Tobes (author/narrator of the LessWrong linkpost)
👤 SpeakerAppearances Over Time
Podcast Appearances
Many days I look out over the rooftops and picture the swarms of kill drones on the horizon.
Maybe that's how it will happen.
That, or a mysterious and terrifying pandemic.
I will see my friends freaking out about it on social media one day and then a day later, my partner, and I will be coughing up blood.
Or maybe it'll be quicker.
I'll be blinded by the initial flash of the bomb, then a fraction of a second of extreme heat before the end.
The fear isn't sharp, just a dull empty sense that there is no future.
It's March 2023 and I am in my flat, talking to a friend.
We have agreed to meet to spend some time figuring out our thoughts on the actual risk from AI.
We have both been reading a lot about it, but still feel very confused so wanted to be more deliberate.
We spend some time together writing about and discussing our thoughts.
I am still very confused.
I mostly seem to be dancing between two ideas.
On one side there is the idea that the base rate for catastrophic risk is low.
New technology is usually good on balance and no new tech has ever killed humanity before.

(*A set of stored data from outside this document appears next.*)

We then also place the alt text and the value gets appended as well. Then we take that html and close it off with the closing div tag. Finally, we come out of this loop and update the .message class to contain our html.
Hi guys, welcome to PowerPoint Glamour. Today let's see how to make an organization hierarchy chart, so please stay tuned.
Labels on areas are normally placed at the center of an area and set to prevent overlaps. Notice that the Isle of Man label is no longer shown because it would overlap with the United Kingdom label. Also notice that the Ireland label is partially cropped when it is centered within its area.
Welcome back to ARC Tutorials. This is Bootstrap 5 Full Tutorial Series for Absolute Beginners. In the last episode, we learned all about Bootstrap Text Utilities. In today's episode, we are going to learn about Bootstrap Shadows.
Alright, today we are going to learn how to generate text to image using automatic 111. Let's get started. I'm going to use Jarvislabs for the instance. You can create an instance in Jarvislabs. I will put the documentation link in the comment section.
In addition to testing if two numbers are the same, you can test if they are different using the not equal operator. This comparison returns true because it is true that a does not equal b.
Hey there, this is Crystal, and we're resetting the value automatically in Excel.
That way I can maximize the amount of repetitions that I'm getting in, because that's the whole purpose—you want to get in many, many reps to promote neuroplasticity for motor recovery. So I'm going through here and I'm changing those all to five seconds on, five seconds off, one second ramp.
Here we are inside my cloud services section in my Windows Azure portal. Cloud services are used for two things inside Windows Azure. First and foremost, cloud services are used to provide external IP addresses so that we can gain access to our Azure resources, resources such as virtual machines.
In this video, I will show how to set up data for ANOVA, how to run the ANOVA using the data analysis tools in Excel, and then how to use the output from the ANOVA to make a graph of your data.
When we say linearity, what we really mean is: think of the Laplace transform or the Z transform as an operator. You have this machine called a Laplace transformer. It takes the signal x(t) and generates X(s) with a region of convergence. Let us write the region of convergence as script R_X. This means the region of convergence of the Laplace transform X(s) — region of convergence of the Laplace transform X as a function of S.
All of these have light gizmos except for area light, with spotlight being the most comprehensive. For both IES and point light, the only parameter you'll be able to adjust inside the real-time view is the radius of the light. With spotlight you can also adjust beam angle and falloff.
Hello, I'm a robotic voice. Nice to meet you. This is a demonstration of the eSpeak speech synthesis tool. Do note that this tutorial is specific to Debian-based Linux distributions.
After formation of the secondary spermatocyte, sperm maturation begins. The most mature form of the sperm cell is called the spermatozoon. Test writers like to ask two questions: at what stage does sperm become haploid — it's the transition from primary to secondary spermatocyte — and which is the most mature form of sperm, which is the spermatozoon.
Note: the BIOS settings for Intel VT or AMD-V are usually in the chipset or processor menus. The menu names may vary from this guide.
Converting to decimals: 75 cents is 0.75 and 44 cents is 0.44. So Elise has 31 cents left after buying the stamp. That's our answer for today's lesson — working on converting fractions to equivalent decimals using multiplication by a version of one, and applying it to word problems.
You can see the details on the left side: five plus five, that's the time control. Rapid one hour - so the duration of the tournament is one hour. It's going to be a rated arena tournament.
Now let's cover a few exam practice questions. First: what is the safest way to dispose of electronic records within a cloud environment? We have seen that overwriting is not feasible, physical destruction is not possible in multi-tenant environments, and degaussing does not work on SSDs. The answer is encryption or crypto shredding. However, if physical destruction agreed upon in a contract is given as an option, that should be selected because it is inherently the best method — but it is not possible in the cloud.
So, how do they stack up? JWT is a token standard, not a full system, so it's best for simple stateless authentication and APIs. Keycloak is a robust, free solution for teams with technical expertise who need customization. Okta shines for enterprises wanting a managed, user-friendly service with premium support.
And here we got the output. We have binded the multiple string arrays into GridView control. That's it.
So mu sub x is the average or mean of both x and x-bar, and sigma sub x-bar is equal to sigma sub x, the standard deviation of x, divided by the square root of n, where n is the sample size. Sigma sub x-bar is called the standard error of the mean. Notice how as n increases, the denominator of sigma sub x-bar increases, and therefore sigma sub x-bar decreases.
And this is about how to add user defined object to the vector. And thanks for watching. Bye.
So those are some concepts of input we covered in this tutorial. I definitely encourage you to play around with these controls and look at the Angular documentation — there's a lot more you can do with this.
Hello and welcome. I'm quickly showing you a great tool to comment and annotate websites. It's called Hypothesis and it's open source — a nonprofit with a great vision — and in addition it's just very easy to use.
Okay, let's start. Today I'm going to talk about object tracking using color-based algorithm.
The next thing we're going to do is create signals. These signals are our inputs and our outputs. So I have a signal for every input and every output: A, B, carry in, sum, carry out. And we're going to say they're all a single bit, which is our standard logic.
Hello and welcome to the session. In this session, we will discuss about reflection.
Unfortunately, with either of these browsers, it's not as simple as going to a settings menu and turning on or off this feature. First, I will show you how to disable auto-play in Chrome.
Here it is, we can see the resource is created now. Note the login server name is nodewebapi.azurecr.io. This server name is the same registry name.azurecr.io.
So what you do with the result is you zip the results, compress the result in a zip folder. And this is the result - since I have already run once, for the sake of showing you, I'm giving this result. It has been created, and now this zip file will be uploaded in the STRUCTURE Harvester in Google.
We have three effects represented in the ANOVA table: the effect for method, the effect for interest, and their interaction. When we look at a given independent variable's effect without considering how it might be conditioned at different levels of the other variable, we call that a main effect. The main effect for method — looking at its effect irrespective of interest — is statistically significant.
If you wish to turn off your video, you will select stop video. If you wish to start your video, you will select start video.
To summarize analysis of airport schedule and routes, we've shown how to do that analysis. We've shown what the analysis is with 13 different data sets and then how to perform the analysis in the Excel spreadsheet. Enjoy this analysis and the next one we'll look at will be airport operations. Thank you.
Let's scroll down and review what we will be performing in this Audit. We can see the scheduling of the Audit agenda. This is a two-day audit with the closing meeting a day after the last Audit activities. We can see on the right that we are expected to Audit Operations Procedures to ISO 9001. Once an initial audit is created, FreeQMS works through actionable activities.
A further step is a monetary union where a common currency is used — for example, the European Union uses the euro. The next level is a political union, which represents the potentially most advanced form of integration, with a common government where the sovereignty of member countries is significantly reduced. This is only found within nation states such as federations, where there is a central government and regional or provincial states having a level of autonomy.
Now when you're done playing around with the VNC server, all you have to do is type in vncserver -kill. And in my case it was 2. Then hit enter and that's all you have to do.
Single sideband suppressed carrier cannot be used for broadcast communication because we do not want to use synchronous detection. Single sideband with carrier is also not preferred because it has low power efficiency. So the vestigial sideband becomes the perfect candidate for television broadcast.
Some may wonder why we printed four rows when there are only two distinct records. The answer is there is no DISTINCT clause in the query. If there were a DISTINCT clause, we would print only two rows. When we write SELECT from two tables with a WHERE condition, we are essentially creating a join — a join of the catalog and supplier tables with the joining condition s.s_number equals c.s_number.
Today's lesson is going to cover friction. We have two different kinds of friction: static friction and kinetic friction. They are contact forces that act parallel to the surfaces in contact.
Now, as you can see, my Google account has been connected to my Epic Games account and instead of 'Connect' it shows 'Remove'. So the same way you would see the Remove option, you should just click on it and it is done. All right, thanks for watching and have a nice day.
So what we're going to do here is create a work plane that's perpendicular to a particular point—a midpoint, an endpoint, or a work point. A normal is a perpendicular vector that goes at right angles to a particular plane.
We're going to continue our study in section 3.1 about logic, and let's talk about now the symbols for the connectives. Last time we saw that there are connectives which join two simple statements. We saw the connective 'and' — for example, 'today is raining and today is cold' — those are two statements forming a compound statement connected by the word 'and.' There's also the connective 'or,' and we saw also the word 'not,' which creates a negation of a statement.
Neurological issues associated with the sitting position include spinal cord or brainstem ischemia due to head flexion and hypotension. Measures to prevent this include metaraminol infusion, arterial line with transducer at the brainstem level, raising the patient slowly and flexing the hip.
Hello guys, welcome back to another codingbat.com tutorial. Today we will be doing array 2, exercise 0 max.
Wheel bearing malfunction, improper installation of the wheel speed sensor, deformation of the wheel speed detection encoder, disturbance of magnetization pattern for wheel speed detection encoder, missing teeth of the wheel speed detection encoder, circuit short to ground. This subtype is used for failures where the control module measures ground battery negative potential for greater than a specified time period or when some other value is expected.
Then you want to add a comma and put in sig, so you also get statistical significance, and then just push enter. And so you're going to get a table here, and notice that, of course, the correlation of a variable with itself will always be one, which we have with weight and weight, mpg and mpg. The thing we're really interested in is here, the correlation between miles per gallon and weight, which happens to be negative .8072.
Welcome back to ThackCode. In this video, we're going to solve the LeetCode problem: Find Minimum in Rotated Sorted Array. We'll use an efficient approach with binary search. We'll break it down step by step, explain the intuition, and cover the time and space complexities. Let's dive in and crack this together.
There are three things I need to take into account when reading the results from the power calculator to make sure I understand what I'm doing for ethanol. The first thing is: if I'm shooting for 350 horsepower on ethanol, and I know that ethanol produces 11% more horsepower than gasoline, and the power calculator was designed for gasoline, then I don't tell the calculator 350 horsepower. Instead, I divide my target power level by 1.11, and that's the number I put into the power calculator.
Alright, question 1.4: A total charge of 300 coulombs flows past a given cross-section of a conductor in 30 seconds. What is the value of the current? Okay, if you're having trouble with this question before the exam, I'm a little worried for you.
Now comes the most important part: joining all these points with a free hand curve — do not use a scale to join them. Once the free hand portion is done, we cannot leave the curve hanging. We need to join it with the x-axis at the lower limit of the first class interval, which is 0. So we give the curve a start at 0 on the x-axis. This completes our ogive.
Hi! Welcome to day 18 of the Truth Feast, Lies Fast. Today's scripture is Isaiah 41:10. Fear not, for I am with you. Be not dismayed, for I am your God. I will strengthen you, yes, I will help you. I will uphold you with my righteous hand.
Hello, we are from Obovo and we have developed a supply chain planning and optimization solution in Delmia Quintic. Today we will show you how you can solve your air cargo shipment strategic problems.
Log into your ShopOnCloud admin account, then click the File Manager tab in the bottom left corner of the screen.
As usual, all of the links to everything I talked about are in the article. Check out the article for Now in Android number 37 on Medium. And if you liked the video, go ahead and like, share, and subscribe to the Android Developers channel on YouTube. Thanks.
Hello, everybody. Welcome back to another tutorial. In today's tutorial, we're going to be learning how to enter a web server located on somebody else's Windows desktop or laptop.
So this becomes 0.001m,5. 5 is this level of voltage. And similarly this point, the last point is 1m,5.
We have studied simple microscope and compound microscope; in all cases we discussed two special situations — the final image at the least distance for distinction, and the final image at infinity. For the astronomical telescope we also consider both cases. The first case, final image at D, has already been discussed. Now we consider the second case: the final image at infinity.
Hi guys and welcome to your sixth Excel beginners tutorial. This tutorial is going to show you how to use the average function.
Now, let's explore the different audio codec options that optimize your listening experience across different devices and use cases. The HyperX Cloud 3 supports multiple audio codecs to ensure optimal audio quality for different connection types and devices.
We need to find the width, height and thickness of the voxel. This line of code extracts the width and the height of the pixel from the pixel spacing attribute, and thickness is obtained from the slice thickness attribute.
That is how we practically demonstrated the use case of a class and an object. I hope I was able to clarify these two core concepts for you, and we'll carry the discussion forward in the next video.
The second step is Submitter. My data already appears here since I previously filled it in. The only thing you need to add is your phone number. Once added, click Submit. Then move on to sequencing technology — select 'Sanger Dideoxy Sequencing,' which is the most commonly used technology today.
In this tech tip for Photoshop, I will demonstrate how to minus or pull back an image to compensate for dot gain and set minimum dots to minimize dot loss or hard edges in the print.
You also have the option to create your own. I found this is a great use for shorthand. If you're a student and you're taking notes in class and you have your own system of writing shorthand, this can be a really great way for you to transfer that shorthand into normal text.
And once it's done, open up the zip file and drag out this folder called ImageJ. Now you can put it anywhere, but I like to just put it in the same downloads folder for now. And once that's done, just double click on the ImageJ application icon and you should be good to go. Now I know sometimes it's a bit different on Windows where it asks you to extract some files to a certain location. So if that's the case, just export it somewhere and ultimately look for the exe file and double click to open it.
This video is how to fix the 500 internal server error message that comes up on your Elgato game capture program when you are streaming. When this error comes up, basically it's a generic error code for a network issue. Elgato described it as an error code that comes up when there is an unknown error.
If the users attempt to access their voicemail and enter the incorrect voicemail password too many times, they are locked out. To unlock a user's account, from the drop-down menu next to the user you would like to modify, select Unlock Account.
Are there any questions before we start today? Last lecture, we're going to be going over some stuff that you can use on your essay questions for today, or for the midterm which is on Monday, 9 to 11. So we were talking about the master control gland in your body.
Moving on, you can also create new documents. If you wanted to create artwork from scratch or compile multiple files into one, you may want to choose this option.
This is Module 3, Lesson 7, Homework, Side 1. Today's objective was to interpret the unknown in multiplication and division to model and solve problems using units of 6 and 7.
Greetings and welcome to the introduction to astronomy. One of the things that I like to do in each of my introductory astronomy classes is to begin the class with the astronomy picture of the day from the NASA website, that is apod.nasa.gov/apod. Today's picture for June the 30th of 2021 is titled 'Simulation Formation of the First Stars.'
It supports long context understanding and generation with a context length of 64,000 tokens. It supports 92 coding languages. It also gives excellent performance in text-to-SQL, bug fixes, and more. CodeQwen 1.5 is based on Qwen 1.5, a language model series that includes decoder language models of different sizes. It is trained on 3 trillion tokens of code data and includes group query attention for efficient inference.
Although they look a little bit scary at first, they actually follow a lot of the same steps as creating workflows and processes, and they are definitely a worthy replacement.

Good forecasters should need a lot of evidence to update away from that very low prior probability of doom.
There isn't much hard evidence that AI is actually dangerous, and it seems very possible that we just won't be able to create superintelligence for some reason anyway.
On on the other side is the idea that intelligence creation is just categorically different from other technology.
Intelligence is the main tool for gaining power in the world.
This makes the potential impact of AI completely historically unprecedented.